[Opening SUPPLIED DATA section]

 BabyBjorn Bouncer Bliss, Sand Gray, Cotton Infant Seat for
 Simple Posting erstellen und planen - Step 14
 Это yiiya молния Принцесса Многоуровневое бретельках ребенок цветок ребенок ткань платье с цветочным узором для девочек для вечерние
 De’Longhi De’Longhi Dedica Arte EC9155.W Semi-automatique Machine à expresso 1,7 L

[Closing SUPPLIED DATA section]
[Opening SUPPLIED DATA section]

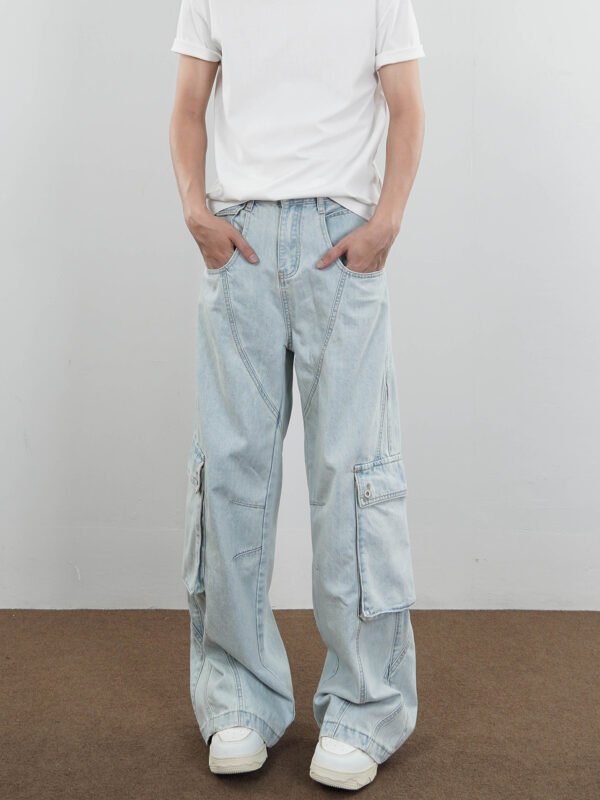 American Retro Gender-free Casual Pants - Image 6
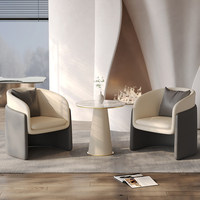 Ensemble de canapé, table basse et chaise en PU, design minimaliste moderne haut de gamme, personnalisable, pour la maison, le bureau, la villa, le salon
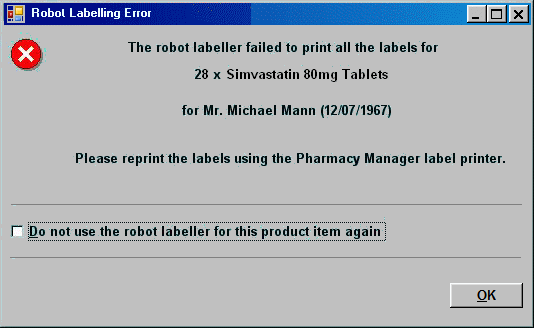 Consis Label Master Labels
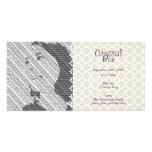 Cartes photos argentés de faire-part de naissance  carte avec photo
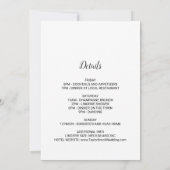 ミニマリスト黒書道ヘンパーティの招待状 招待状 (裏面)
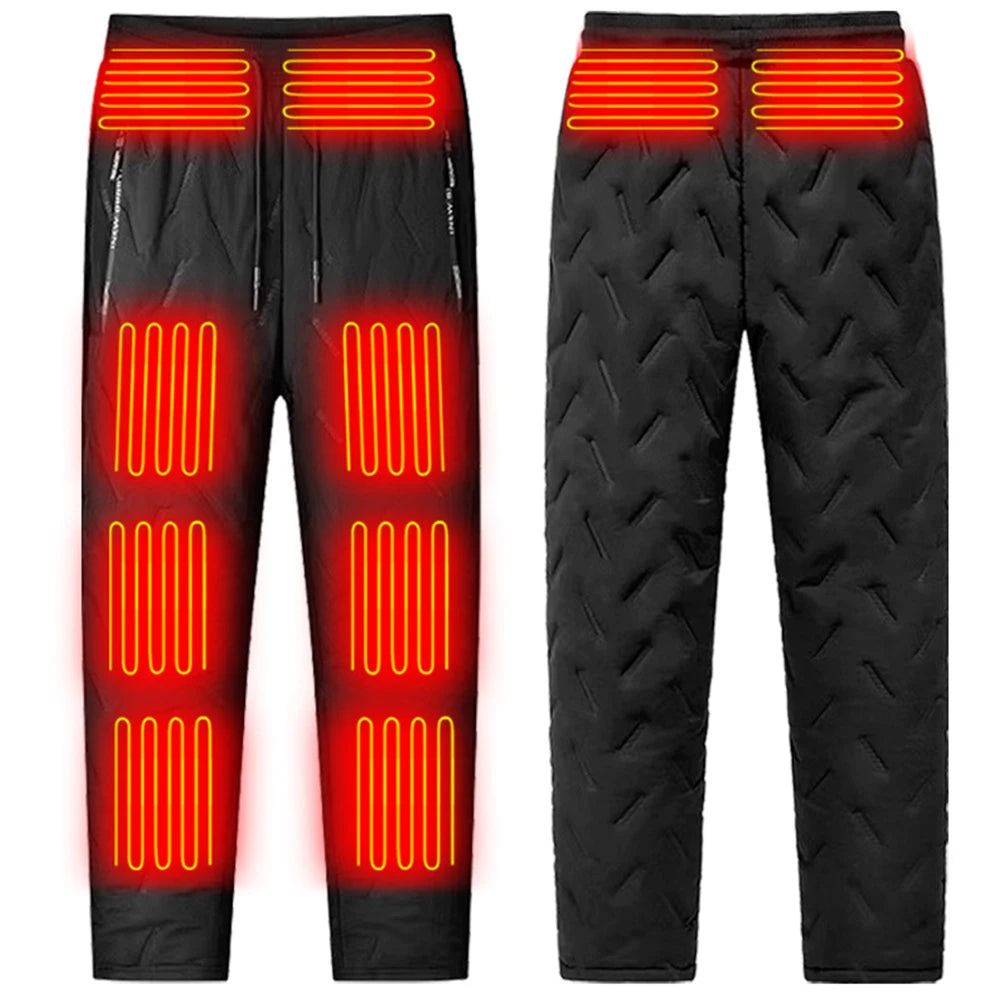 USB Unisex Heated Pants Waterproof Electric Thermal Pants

[Closing SUPPLIED DATA section]
[Opening SUPPLIED DATA section]

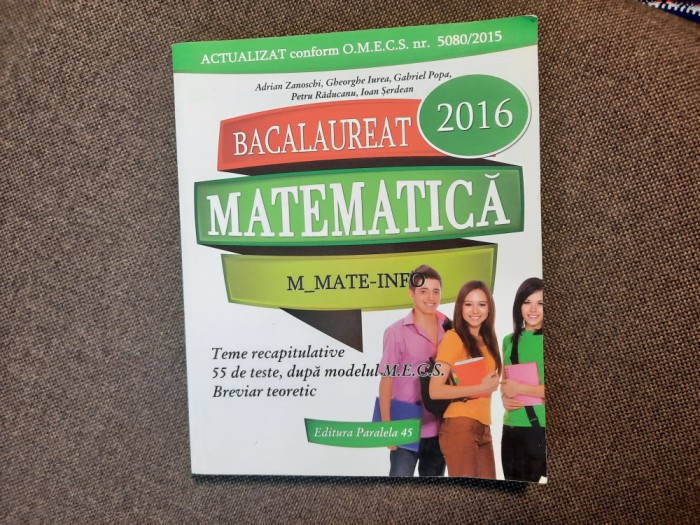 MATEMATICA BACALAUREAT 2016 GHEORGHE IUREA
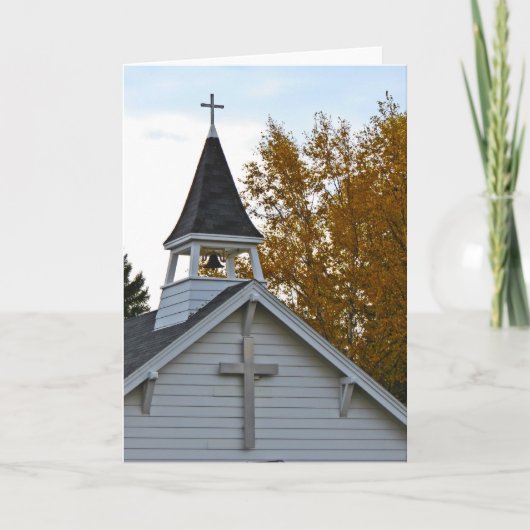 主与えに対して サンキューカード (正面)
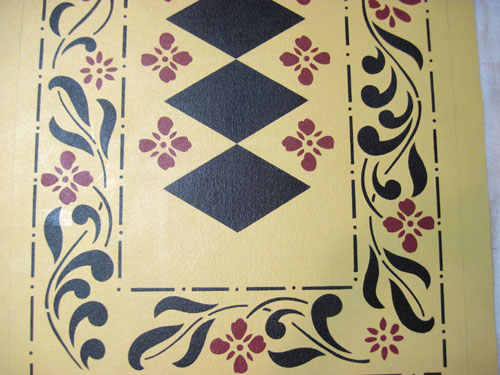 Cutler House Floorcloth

[Closing SUPPLIED DATA section]

TO DO:
Retype only the lines above from the one with "ミニマリスト黒書道ヘンパーティの招待状 招待状 (裏面)" through the one with "USB Unisex Heated", exactly and with both ends. Images stay out.

REPLY:
 ミニマリスト黒書道ヘンパーティの招待状 招待状 (裏面)
 USB Unisex Heated Pants Waterproof Electric Thermal Pants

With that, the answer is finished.